Numerous paleomagnetic studies suggest that a lunar dynamo, with surface field intensities potentially as high as 40-100 µT, existed between ∼3.9 Ga and ∼3.5 Ga. This period is referred to as the High Field Epoch (HFE). However, the debate over the origin of magnetization recorded in lunar rocks still persists. In addition, whether the Moon could have sustained a continuously strong dynamo during the HFE remains unclear. To unravel the origin of magnetization preserved in lunar rocks and to better characterize the evolution of the ancient lunar dynamo, we conducted a comprehensive set of experiments including rock magnetic tests, electron microscopy, and paleomagnetic investigations on four HFE-aged Apollo 11 mare basalt samples: 10003, 10044, 10069, and 10071. Rock magnetic experiments and electron microscopy indicate that the remanence carriers are kamacite grains of varying sizes and domain states. Sample 10003 recorded a paleointensity of 54.10 ± 4.66 µT. Sample 10044, which was shocked (peak pressure >5 GPa), did not preserve a stable high coercivity remanent magnetization.

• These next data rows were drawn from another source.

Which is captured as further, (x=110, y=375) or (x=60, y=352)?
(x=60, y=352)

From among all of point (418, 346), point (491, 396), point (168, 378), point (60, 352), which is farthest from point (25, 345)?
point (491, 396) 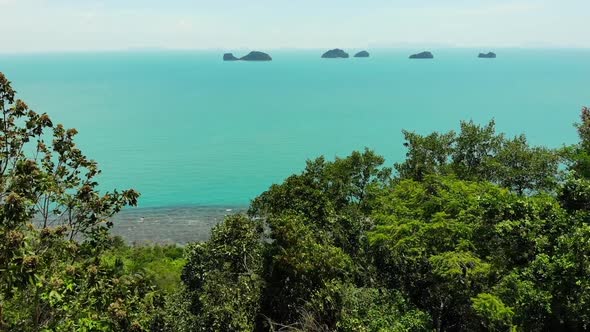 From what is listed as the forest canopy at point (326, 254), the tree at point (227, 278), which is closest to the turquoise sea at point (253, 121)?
the forest canopy at point (326, 254)

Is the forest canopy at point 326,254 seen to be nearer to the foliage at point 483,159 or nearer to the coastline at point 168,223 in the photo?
the foliage at point 483,159

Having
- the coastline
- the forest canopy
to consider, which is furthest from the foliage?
the coastline

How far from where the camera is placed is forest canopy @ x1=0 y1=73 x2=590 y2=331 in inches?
329

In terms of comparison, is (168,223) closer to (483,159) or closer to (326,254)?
(483,159)

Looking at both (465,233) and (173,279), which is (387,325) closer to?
(465,233)

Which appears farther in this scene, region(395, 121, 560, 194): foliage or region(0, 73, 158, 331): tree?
region(395, 121, 560, 194): foliage

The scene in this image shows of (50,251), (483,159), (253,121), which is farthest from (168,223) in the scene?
(253,121)

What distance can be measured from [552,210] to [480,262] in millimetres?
2728

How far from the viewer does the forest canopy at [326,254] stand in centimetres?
836

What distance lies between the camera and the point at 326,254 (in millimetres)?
14672

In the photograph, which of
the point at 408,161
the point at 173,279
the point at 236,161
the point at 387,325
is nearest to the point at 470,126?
the point at 408,161

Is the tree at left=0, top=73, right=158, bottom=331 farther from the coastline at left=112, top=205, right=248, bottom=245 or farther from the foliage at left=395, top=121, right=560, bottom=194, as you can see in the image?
the coastline at left=112, top=205, right=248, bottom=245

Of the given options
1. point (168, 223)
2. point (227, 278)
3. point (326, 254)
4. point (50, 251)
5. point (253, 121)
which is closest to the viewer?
point (50, 251)

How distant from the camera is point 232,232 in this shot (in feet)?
51.3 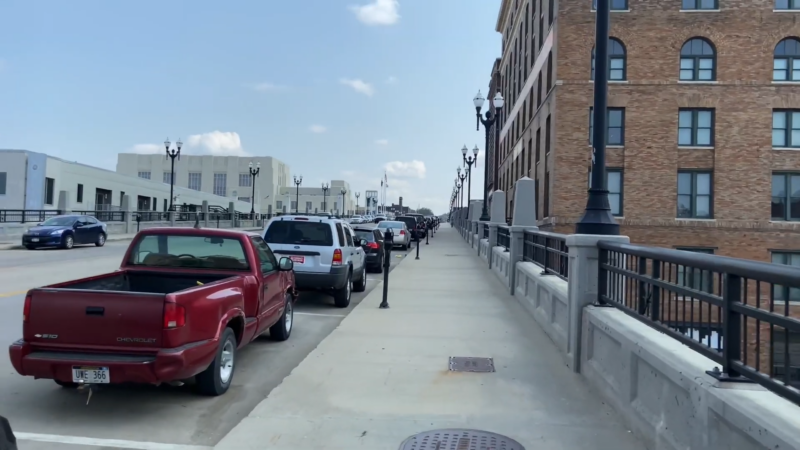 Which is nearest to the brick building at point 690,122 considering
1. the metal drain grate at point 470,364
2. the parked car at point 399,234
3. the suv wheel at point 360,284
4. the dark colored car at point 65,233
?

Samples 10069 and 10071 recorded paleointensities of 61.46 ± 26.09 µT and 10.69 ± 2.87 µT, respectively. A series of hydrostatic pressure experiments, isothermal remanent magnetization (IRM) acquisition experiments, and viscous remanent magnetization (VRM) tests preclude the possibility of our samples containing shock remanent magnetization from transient impact-generated fields, IRM acquisition from exposure to spacecraft fields, and VRM acquisition from exposure to the Earth magnetic field. Overall, our study suggests that the source of these magnetizations was likely the lunar dynamo and may indicate nearly order-of-magnitude magnetic field fluctuations during the HFE.